== EXERCISE AIM ==
Give the lines below again exactly, starting with the line that holds "L'Oreal Paris Sublime" and going on through the line that holds "Mini cámara de".

== STORED DATA ==
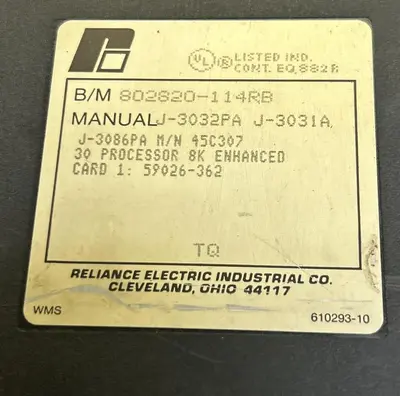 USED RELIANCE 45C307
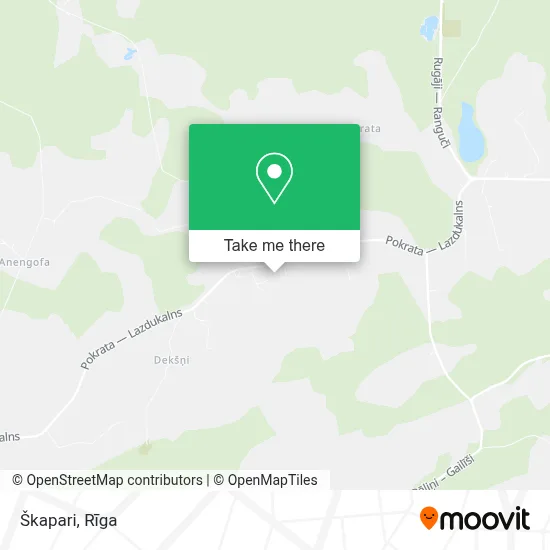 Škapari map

==

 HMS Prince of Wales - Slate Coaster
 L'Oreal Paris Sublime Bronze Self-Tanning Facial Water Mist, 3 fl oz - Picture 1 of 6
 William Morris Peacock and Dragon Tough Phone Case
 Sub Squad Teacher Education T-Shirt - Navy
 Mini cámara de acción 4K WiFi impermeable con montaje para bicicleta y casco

== RESULT FOR THIS EXERCISE ==
 L'Oreal Paris Sublime Bronze Self-Tanning Facial Water Mist, 3 fl oz - Picture 1 of 6
 William Morris Peacock and Dragon Tough Phone Case
 Sub Squad Teacher Education T-Shirt - Navy
 Mini cámara de acción 4K WiFi impermeable con montaje para bicicleta y casco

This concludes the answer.